§ **Work required**: In your copy, reproduce the entries exactly as they are, minus the images.

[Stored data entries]
################
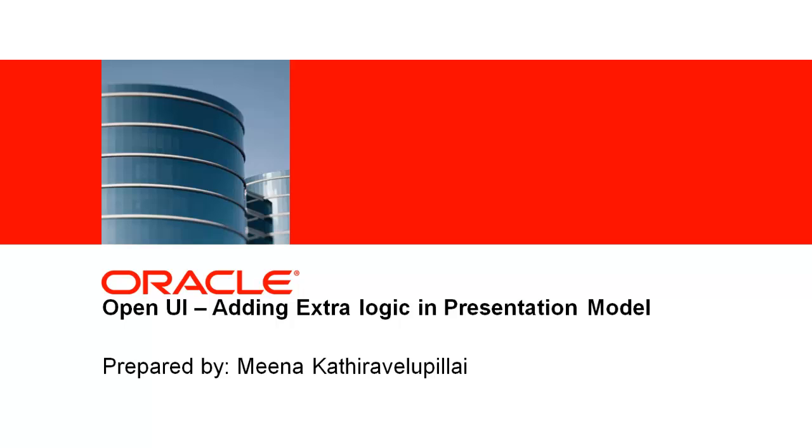Hello, my name is Meena Kadrevalipulley and I am a support engineer with Oracle. Today I am going to discuss Siebel Open UI Presentation Model and how to customize the application.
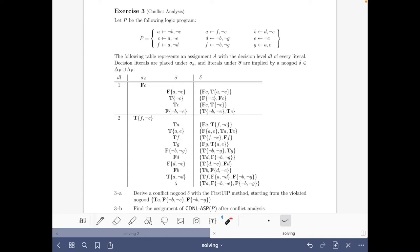Hello and welcome to this video of the course Answer Set Solving in Practice. My name is Javier Romero and here we are going to do the exercise on conflict analysis of the solving part of the course. To begin with, let's go quickly to the slides that are relevant for this exercise.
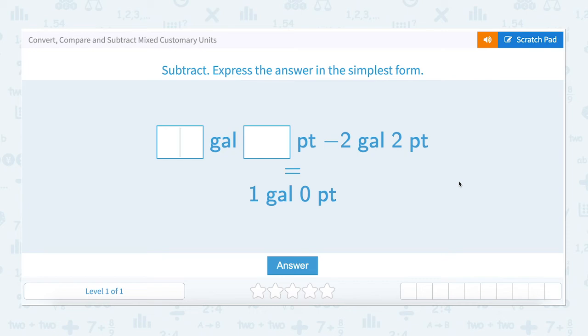Over how to convert, compare, and subtract mixed customary units.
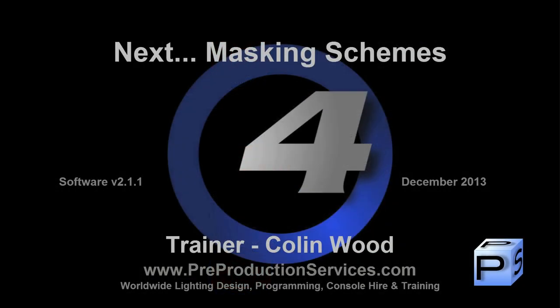In the next tutorial, we will look at the changes to masking that were made in version 2.1.1.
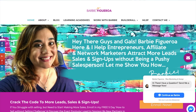Hey there guys and gals, this is Barbie Figueroa with RiseMarketingandDesign.com. Thank you so much for watching my video. Today I'm going to show you how to create a five minute lead capture page using the Builderall Pixel Perfect Builder.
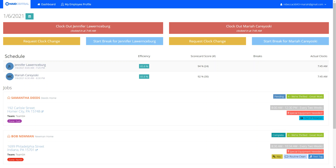This is Rebecca with Made Central. In this video we're going to show you, as a cleaning technician using Made Central, how you can view your job instructions. You must have jobs for the day — you can see here that I am logged in as a technician and I'm on my dashboard, which lists out my different jobs for the day.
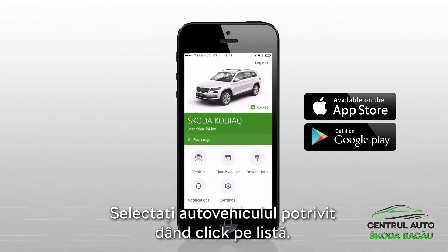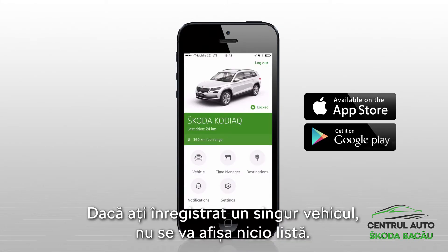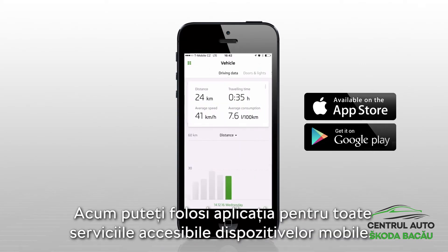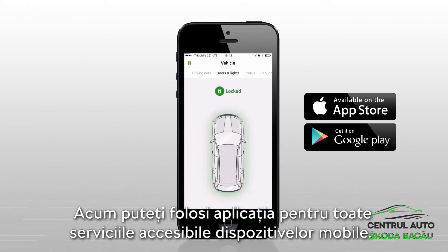Select the required vehicle by clicking on the list. If there is only one vehicle that you have registered, the list is not displayed. Now you can use the application for all of the services accessible from mobile devices.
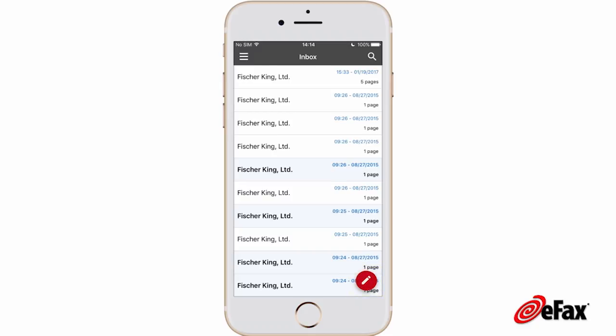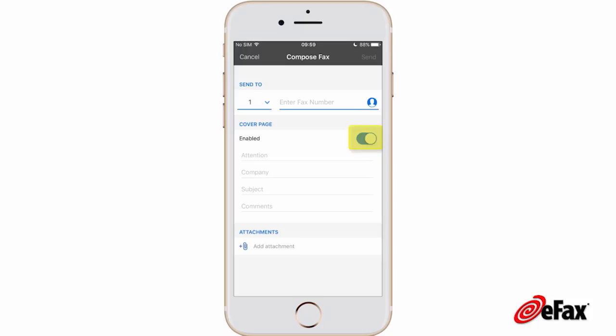Toggle the cover page to enabled or disabled. If you choose to use a cover page, enter the cover page details including fax number, attention name, company, subject, and any comments. If you are not using a cover page, enter only the recipient's fax number.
################
§ **Task answer**:
Hello, my name is Meena Kadrevalipulley and I am a support engineer with Oracle. Today I am going to discuss Siebel Open UI Presentation Model and how to customize the application.
Hello and welcome to this video of the course Answer Set Solving in Practice. My name is Javier Romero and here we are going to do the exercise on conflict analysis of the solving part of the course. To begin with, let's go quickly to the slides that are relevant for this exercise.
Over how to convert, compare, and subtract mixed customary units.
In the next tutorial, we will look at the changes to masking that were made in version 2.1.1.
Hey there guys and gals, this is Barbie Figueroa with RiseMarketingandDesign.com. Thank you so much for watching my video. Today I'm going to show you how to create a five minute lead capture page using the Builderall Pixel Perfect Builder.
This is Rebecca with Made Central. In this video we're going to show you, as a cleaning technician using Made Central, how you can view your job instructions. You must have jobs for the day — you can see here that I am logged in as a technician and I'm on my dashboard, which lists out my different jobs for the day.
Select the required vehicle by clicking on the list. If there is only one vehicle that you have registered, the list is not displayed. Now you can use the application for all of the services accessible from mobile devices.
Toggle the cover page to enabled or disabled. If you choose to use a cover page, enter the cover page details including fax number, attention name, company, subject, and any comments. If you are not using a cover page, enter only the recipient's fax number.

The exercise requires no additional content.